Updated on October 31, 2018

I had recently watched the movie, Defiance on TV and was so moved and impressed by the Bielski Brothers that I just had to make a hub about them. There are a couple of non-fiction books about the brothers years of hiding and defending themselves in the forests of Belarus.

To give some background information, in September 1939 the Germans invaded Poland and formed a non-aggression pact with the Russians (which they would later ignore and invade Russia, thus hastening the end of World War II). Since large sections of Eastern Europe often changed hands - this area to Germany, then to Poland, or that area to Lithuania, then to Russia - although the Bielskis lived in a town called Stankiewicze which was originally in Poland, by the time of WWII, it had been taken by the Russians. The family was, according to Nechama Tec, author of the book, Defiance (upon which the movie was based) , millers and grocers in their town. However, after the occupation by the Russians, they participated in the local government, as well.

Tuvia Bielski was not the eldest child, as the movie seemed to imply. He actually was the second oldest of ten sons and two daughters. He had fought in the Polish army in his early 20's after being recruited, and when he was finished there, he returned back to his family. Because they were impoverished, he went ahead and rented a second mill to try to improve the family's financial situation. Unfortunately, even that was not enough, so he married someone older who owned a store. He and his brothers had played and hidden in the Naliboki forest, so they naturally fled there when the Nazis were threatening to find and kill them.

Tuvia was two years older than his next younger brother, Asael. Asael was a home-body who stayed in their parent's house when Tuvia and Zus had already left and married. He became the "man of the house" when their father became very sick and ran all of the family's affairs. One of his duties was even to arrange a marriage for his sister, which ultimately lead to his meeting his own future wife, Chaya. In the movie, he was relatively well represented as sensitive and shy, but able to take charge. He had actually led a group of thirteen Jews into the forest and met up with Tuvia and Zus, who were leading a smaller group. They integrated and eventually formed a larger group of Jewish partisans, also known as the Bielski Otriad.

Zus, who was the "wild" one in the movie, did in fact leave his brothers for several months to join the Russian partisans.

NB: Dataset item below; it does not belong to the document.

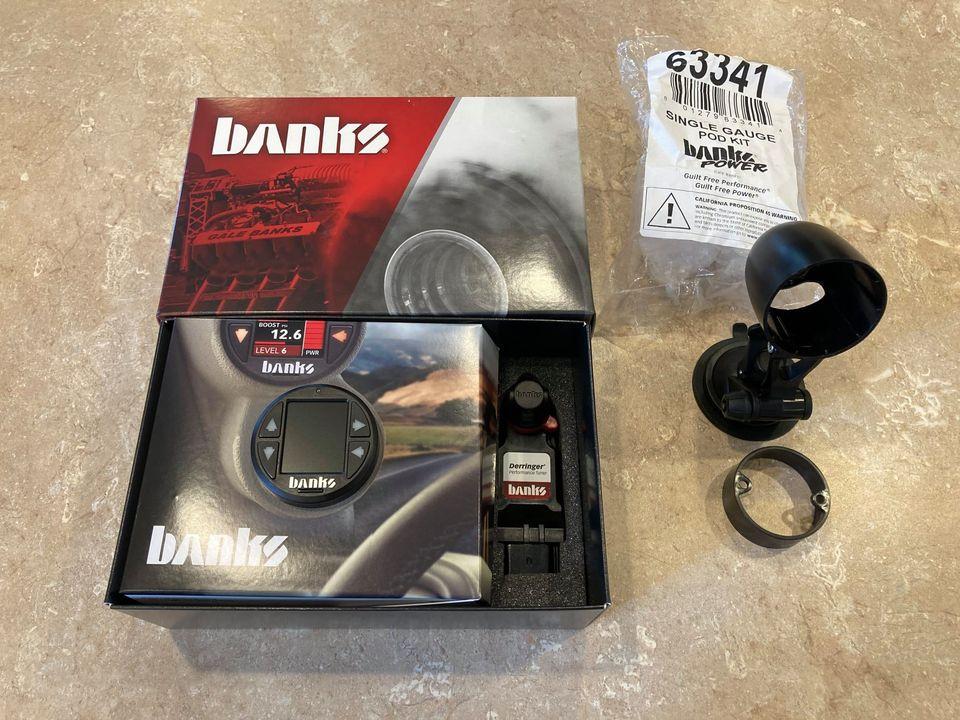 Jeep Gladiator Banks Derringer Diesel Tuner 217332527_10159183432660390_1741607285272005658_n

He eventually rejoined the Bielski Otriad and, as shown in the movie, did save his brothers and the other jews from the attacking Germans. One of the people in the forest was a young woman named Sonia Boldo, who Zus later married. After the war, he moved to Israel, but settled in New York and started a trucking company and taxi fleet with Tuvia.

The youngest of the Bielski brothers in the forest was Aron. He was significantly younger than the other Bielskis hiding, as he was born in 1927 about fifteen years after Zus, who was younger than both Tuvia and Asael. He acted as a guide and scout, probably due to his age, and was a significant source of information for one of the books eventually written about the Bielskis. He is also the only one still alive.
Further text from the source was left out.